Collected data
########################################

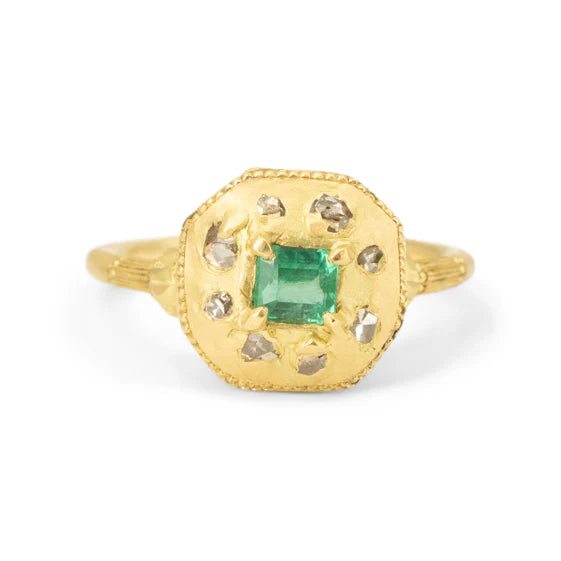 Petite Emerald & Baroque Diamond Relic Ring - 18k Gold
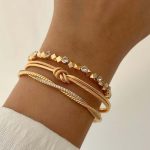 Sample stack of gold bracelets
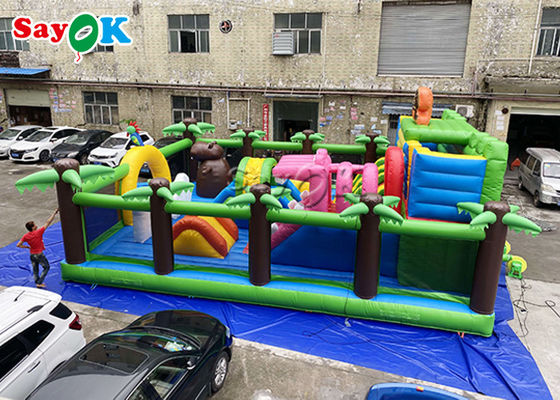 निविड़ अंधकार Inflatable खेल का मैदान शरारती किले महल स्लाइड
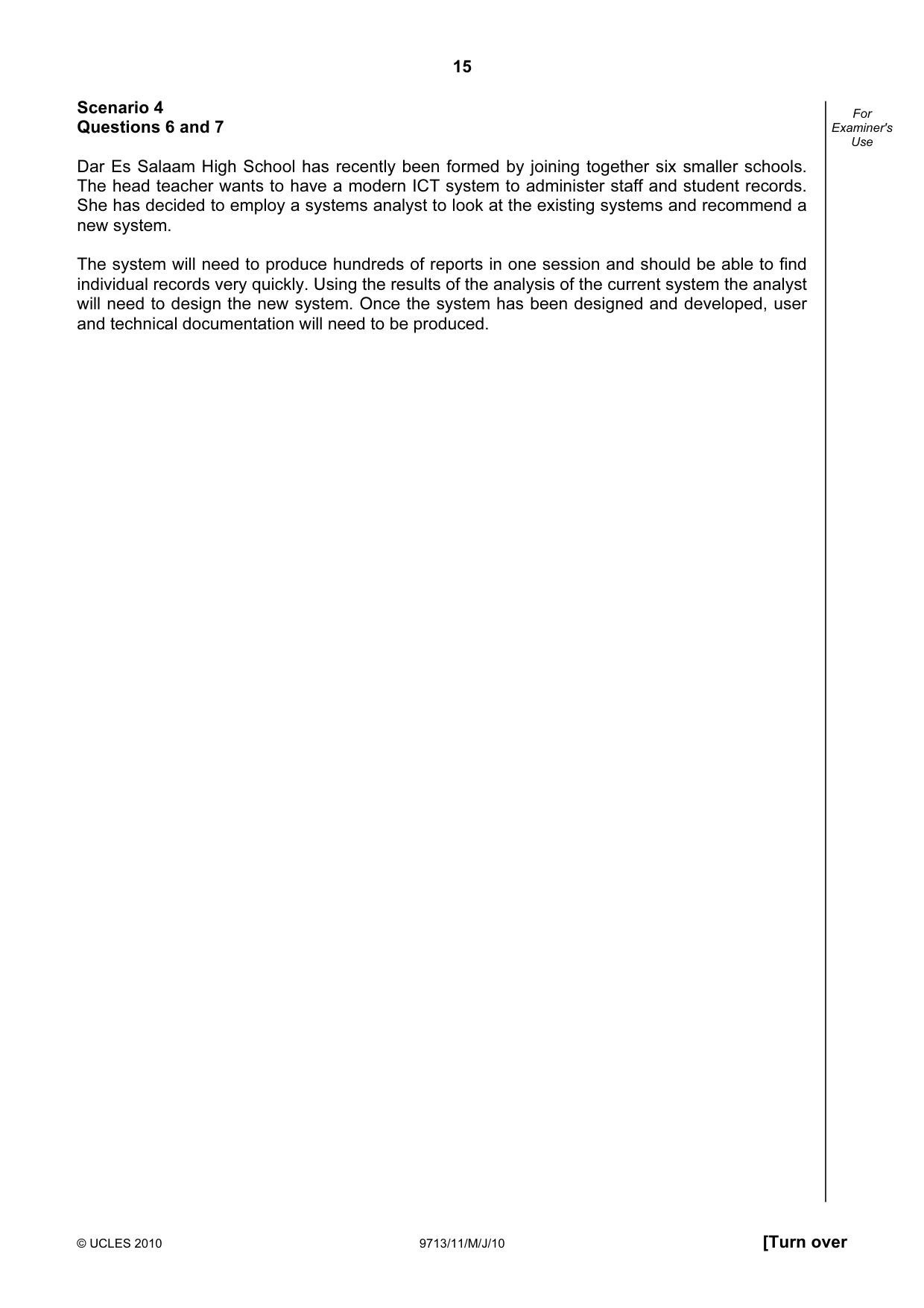 Cambridge A Level Applied Information and Communication Technology 9713 2010 May/June Paper 1 · Variant 1 question paper, page 15 of 20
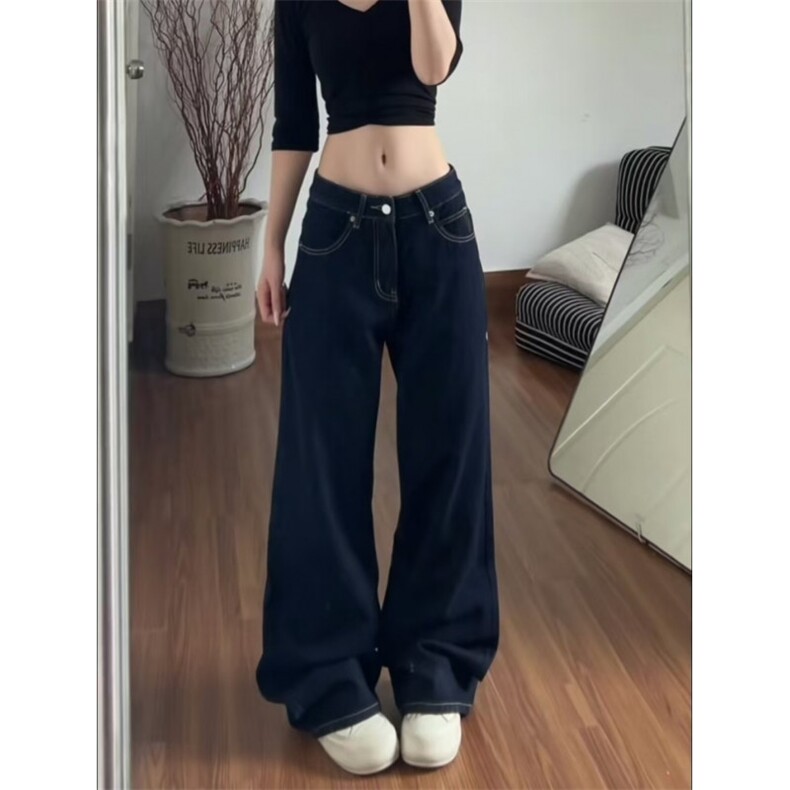 美式复古水洗字母刺绣牛仔裤男女宽松潮流时尚秋冬阔腿ZN001 P51图片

########################################

**TASK DETAILS**
Without the pictures, repeat exactly the lines running from the line containing "Cambridge A Level" through the end of the data, both ends included.

**SOLUTION TO THIS PROBLEM**
 Cambridge A Level Applied Information and Communication Technology 9713 2010 May/June Paper 1 · Variant 1 question paper, page 15 of 20
 美式复古水洗字母刺绣牛仔裤男女宽松潮流时尚秋冬阔腿ZN001 P51图片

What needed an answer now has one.